What’s the origin, the source of “prestigiousness” for a journal? It’s a sort of self-fulfilling prophecy in which one’s work gains value purely by proximity to other “prestigious things”, think of it as a halo.
Sure, publishers contend that the curation process is expensive, but I’m pretty confident they have huge operation margins. Need to see the numbers though.
edit: the citation graph is what counts, in a very literal sense. One way to make sense of this growing amount of literature is to keep track of the “hubs”, i.e. the highly connected-to nodes: the “most influential” works are recognized by this. Under “fairness” assumptions which might not always hold; i.e. excluding or including a citation has many psychological hooks that I don’t dare to fully expand on here.. but the most obvious nonlinearity in the citation graph is the author being aware of (or not) of a certain work.

Truth be said, an increasing number of for-profit publishers are graciously giving an “open access” option to authors. At a charge, of course. Between 1K and 1.5K€ per article. Do you recognize this pattern? We’re getting s+++++d big time and have to say thank you as well !

(**) OTOH, there is such a thing as a b.s. publication, with 0 value, period.

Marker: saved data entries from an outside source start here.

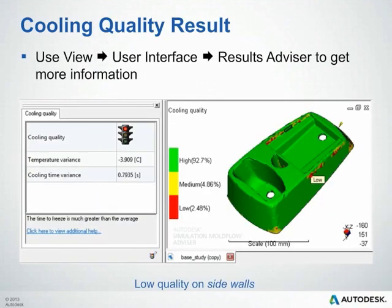You can use the Results Advisor for the cooling quality result as well, allowing you to query areas and see what the temperature variance and cooling time variance are for that specific location.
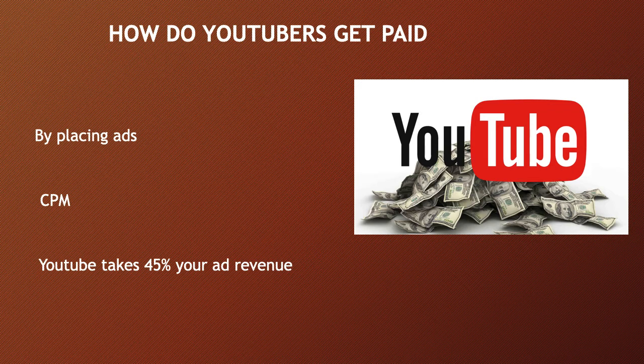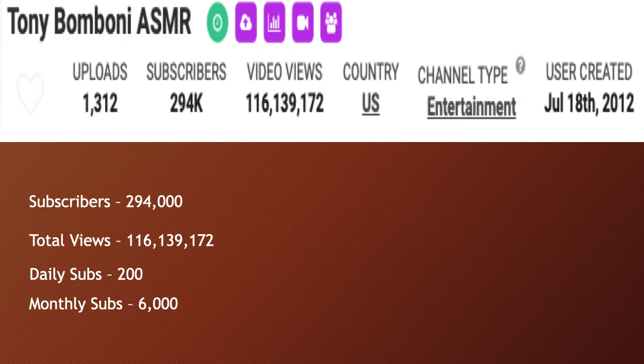These factors include demographics, content, gender, and time of watch. YouTube will also take 45% of your revenue from advertising. In 2018, advertisers spend an average of $3 per thousand views. Let's go to Tony Bomboni's ASMR YouTube channel.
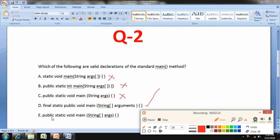Option E is: public static void main(String[] ox). This is also correct — it is public static void main, with the array brackets after String and then the variable name ox. So the answer to this question is both Option D and Option E. Thank you for watching.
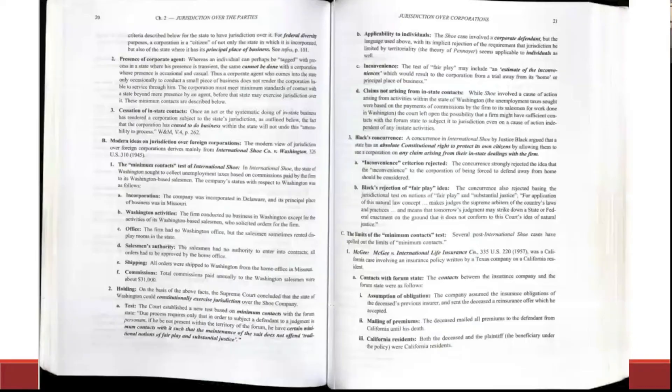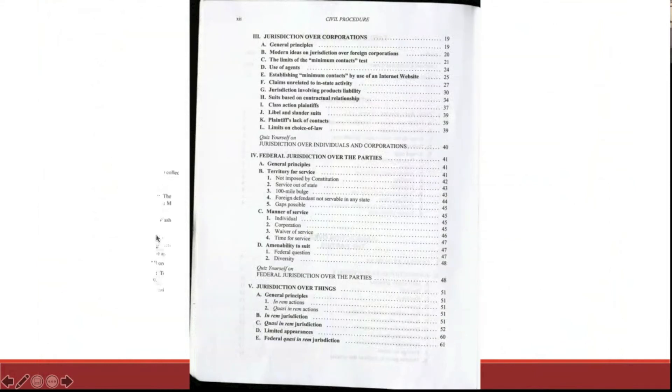When we get to the actual outline itself, we have this International Shoe page here. The general concept is that it's a minimum contacts test, and then we have a kind of case brief of International Shoe in the holding and tests. So very absolute takeaways from the cases as you're reading.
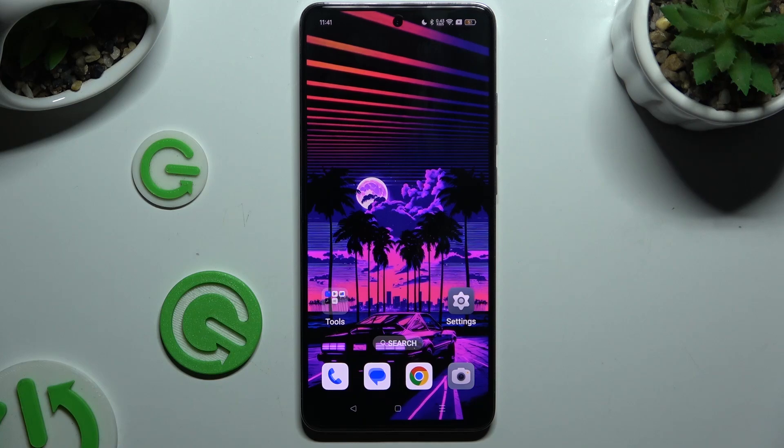In front of me is Oppo Reno Dwarf and today I would like to show you how you can open apps in pop-up view.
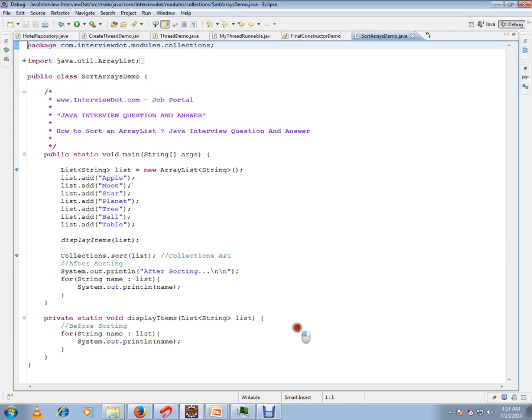Hi, this video is from midv.com, a Java portal. In this video I'm going to show you how to sort an ArrayList using Java.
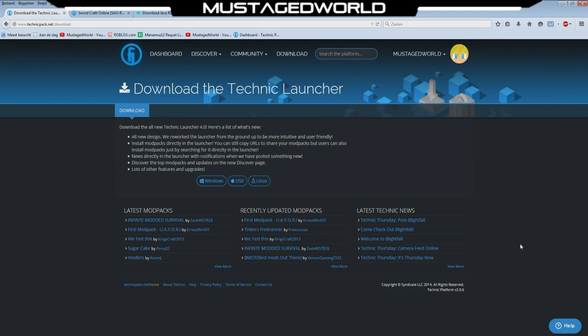Hi everybody my name is Mastagwalder, welcome to this tutorial. Today I'm gonna teach you how to get Technic Launcher, Optifine and the same server that I'm playing on for the Swarad online modded series.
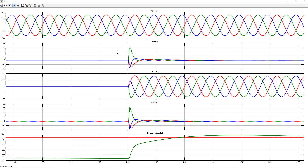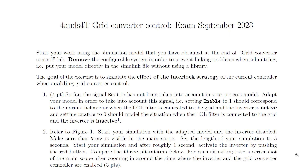If you would do this on an actual system — for instance, on the actual three-phase system at ICAM — you would see that the inverter would stop immediately due to current limitations. You can clearly see the advantage of the first interlock strategy. This concludes the video reviewing the exam of September 2023 and analyzing the effect of the correct interlock strategy.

The price tag of any given paper only explains this vast, semi-invisible, mass of b.s. clogging hard-drives everywhere.

So let’s stop burying our research behind paywalls, break the addiction chain, do some actual good and open-source everything.

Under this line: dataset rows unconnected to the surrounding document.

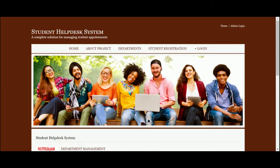Let's start with the functionality and go through what we have developed inside it. The main concept of developing this project is to provide a platform to students for raising their queries to the school department. This is the home page of the platform — you can see this is the home page.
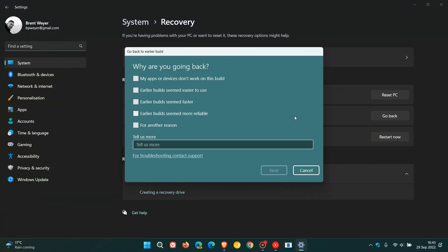This won't take long and there we go and then it'll take you through a whole lot of steps and the first screen will be why are you going back and then you can just give your reason or tell us more and you click next and you just go through all the different menus and screens, click next and then that'll roll you back to your previous version.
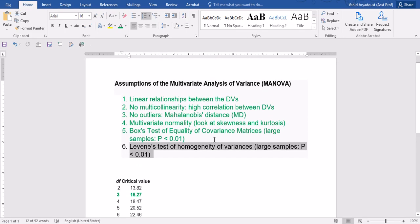In conclusion, what we need to look at for a MANOVA analysis is first the linearity — the linear relationship between the dependent variables, making sure they are linearly related, as shown in the first video of this series. Second, there should be no multicollinearity or high correlation between the dependent variables. Third, there should be no outliers. One way to assess this is Mahalanobis distance, which is done through regression analysis, as discussed in the first video.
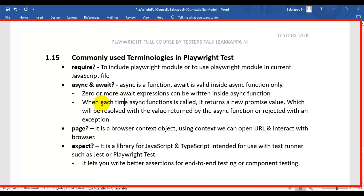Whenever an async function is called, it returns a new promise value, which will be resolved with the value returned by the async function, or it can be rejected with an exception. So basically it is similar to a try-and-catch block. The async function either gets the promise value or it can receive any exception — that is, a rejected value — at a high level.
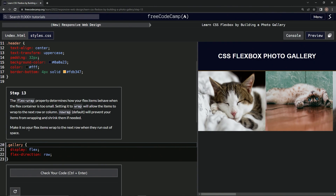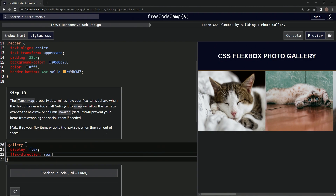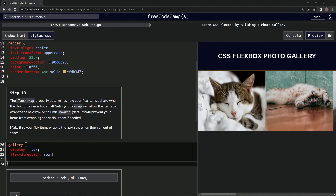We're going to make it so our flex items wrap to the next row when they run out of space. Down here we're going to say 'flex-wrap:' and then set it to 'wrap'.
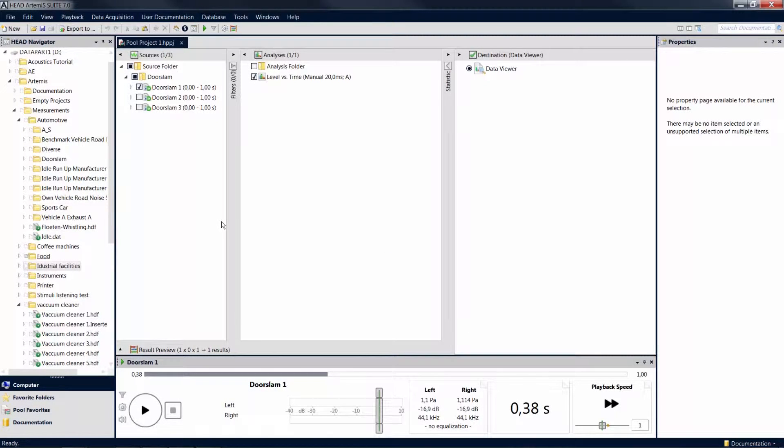Welcome to this Artemis Suite tutorial. This tutorial will show you how to customize the user interface of Artemis Suite by freely arranging the tool windows according to your requirements.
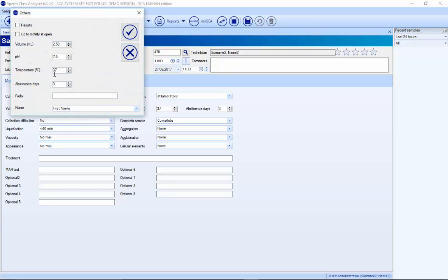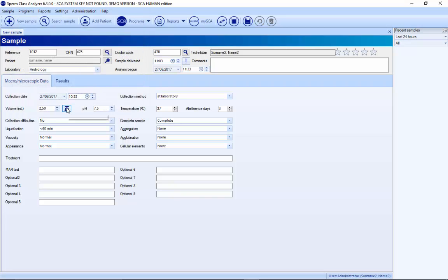Here we have the different default values and you can change them. For volume, if you have a scale connected to the system and press this button, the volume will be entered automatically. It's also possible to print the slide label if you connect a printer, or print the container label.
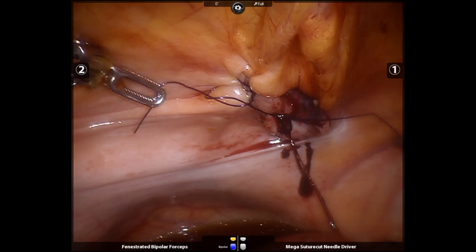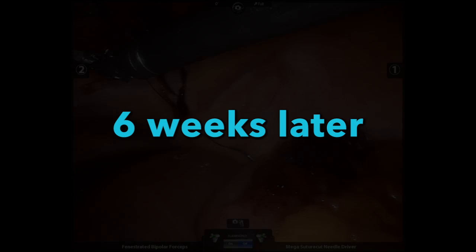Six weeks later, the patient was consented for definitive repair. Here was the site of the temporary patch.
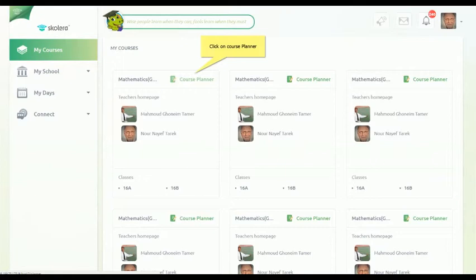A Head of Department can manage the units, chapters, and lessons of any class he or she supervises.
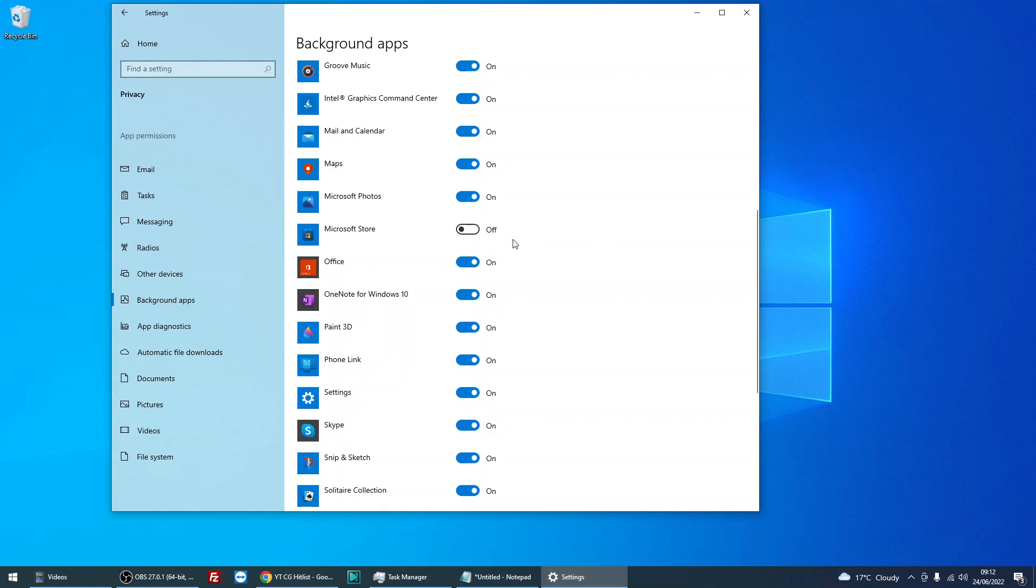So if you just click that and it's going to go to off. What that's going to do is stop Microsoft Store starting when your machine starts and running in the background and updating and possibly installing some applications at certain times.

Instead, we’re stuck in a pusher-junkie situation, in which the substance is peer recognition, “visibility”. Immeasurable at best. Don’t you hate this state of things? Well, I do.

If you’re wondering what’s the cost of storage and infrastructure, Google rates are close to 2 dollar CENTS per GB per month. A color pdf with plenty of data inside is say 0.5 MB.
Say we define a “relevance lifetime” of a publication, let’s say 10 years (wild guess; it can be 1 month for biology, 50 years for civil engineering).
The hosting cost of a single pdf under these assumptions becomes 0.001171875 USD, ONE TENTH OF A CENT.
So I’d dare say those publication prices are more to justify Springer’s golden armchairs and infant’s blood fountains than actual data hosting.

OTOH, you can never be sure about the future relevance of an article. A “relevance lifetime” could be a loose assumption, and we should never disregard or delete a paper just because of its age. However, it becomes increasingly “better known” (on average), so any market value we attach to it should decrease.

Coordinating peer review has a price, too.I.e. calling those _volunteers_ and making them work faster. Automated reminders. The end.

I’ve completely avoided the problem of interpretation and information context so far. Value is subjective, but we have to deal with very objective monetary cost.
To a non-specialist, a Nature paper is worth exactly 0, apart from the pretty-picture “ooh!” value.
To a specialist instead, what lies inside is not pure information, because of the interpretative “line noise” introduced by natural language.
Raw numerical data too has a context-dependent value; let that sink in. No two persons share the same “universe of discourse”, the “set of all possible messages” introduced by C. Shannon. So how do we quantify the value of this? By the average number of “a-ha” moments over all readership?

But I’m digressing. Academic publishers are a legalised scam, and we should stop foraging them.